→ **Problem to work on**: Copy out the entries that come next, exactly.

(Excerpts from a dataset)
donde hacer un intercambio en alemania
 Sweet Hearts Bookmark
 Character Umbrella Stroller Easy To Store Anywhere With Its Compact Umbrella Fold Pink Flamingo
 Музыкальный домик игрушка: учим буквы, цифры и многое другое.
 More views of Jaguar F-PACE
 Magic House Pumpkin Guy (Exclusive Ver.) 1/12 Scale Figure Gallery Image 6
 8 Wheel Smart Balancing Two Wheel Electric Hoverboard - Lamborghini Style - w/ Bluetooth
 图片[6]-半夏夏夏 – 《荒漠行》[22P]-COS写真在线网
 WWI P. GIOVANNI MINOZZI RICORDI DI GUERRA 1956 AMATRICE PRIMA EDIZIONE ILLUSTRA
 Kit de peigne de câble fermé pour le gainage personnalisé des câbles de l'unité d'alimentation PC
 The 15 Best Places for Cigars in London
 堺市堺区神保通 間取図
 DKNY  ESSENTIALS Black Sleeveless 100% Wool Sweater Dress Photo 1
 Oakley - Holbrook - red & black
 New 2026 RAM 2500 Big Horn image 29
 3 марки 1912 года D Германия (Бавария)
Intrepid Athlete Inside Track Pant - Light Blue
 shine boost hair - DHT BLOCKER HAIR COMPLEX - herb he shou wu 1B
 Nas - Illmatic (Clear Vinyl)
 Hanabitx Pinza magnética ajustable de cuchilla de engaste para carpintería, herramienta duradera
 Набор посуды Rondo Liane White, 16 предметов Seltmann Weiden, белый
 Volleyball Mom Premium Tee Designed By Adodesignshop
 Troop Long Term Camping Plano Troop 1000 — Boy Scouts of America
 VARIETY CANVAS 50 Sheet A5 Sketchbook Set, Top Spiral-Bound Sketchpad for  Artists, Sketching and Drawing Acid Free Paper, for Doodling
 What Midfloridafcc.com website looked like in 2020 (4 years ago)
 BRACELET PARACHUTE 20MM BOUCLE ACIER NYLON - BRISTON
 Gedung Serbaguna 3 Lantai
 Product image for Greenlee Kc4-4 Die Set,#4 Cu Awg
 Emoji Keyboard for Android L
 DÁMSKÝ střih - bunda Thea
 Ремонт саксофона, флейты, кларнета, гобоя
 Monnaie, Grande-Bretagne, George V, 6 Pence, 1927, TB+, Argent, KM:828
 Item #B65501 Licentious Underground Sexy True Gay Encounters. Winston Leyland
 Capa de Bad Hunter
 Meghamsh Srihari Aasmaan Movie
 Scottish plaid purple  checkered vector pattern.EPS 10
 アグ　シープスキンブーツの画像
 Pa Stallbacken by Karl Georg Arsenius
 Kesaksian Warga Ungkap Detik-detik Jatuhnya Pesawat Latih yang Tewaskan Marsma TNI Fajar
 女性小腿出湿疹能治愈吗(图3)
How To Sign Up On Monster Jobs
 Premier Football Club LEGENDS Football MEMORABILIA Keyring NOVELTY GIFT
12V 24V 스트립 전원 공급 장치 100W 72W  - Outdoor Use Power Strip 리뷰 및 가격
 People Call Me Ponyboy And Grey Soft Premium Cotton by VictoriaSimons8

→ **Task answer**:
donde hacer un intercambio en alemania
 Sweet Hearts Bookmark
 Character Umbrella Stroller Easy To Store Anywhere With Its Compact Umbrella Fold Pink Flamingo
 Музыкальный домик игрушка: учим буквы, цифры и многое другое.
 More views of Jaguar F-PACE
 Magic House Pumpkin Guy (Exclusive Ver.) 1/12 Scale Figure Gallery Image 6
 8 Wheel Smart Balancing Two Wheel Electric Hoverboard - Lamborghini Style - w/ Bluetooth
 图片[6]-半夏夏夏 – 《荒漠行》[22P]-COS写真在线网
 WWI P. GIOVANNI MINOZZI RICORDI DI GUERRA 1956 AMATRICE PRIMA EDIZIONE ILLUSTRA
 Kit de peigne de câble fermé pour le gainage personnalisé des câbles de l'unité d'alimentation PC
 The 15 Best Places for Cigars in London
 堺市堺区神保通 間取図
 DKNY  ESSENTIALS Black Sleeveless 100% Wool Sweater Dress Photo 1
 Oakley - Holbrook - red & black
 New 2026 RAM 2500 Big Horn image 29
 3 марки 1912 года D Германия (Бавария)
Intrepid Athlete Inside Track Pant - Light Blue
 shine boost hair - DHT BLOCKER HAIR COMPLEX - herb he shou wu 1B
 Nas - Illmatic (Clear Vinyl)
 Hanabitx Pinza magnética ajustable de cuchilla de engaste para carpintería, herramienta duradera
 Набор посуды Rondo Liane White, 16 предметов Seltmann Weiden, белый
 Volleyball Mom Premium Tee Designed By Adodesignshop
 Troop Long Term Camping Plano Troop 1000 — Boy Scouts of America
 VARIETY CANVAS 50 Sheet A5 Sketchbook Set, Top Spiral-Bound Sketchpad for  Artists, Sketching and Drawing Acid Free Paper, for Doodling
 What Midfloridafcc.com website looked like in 2020 (4 years ago)
 BRACELET PARACHUTE 20MM BOUCLE ACIER NYLON - BRISTON
 Gedung Serbaguna 3 Lantai
 Product image for Greenlee Kc4-4 Die Set,#4 Cu Awg
 Emoji Keyboard for Android L
 DÁMSKÝ střih - bunda Thea
 Ремонт саксофона, флейты, кларнета, гобоя
 Monnaie, Grande-Bretagne, George V, 6 Pence, 1927, TB+, Argent, KM:828
 Item #B65501 Licentious Underground Sexy True Gay Encounters. Winston Leyland
 Capa de Bad Hunter
 Meghamsh Srihari Aasmaan Movie
 Scottish plaid purple  checkered vector pattern.EPS 10
 アグ　シープスキンブーツの画像
 Pa Stallbacken by Karl Georg Arsenius
 Kesaksian Warga Ungkap Detik-detik Jatuhnya Pesawat Latih yang Tewaskan Marsma TNI Fajar
 女性小腿出湿疹能治愈吗(图3)
How To Sign Up On Monster Jobs
 Premier Football Club LEGENDS Football MEMORABILIA Keyring NOVELTY GIFT
12V 24V 스트립 전원 공급 장치 100W 72W  - Outdoor Use Power Strip 리뷰 및 가격
 People Call Me Ponyboy And Grey Soft Premium Cotton by VictoriaSimons8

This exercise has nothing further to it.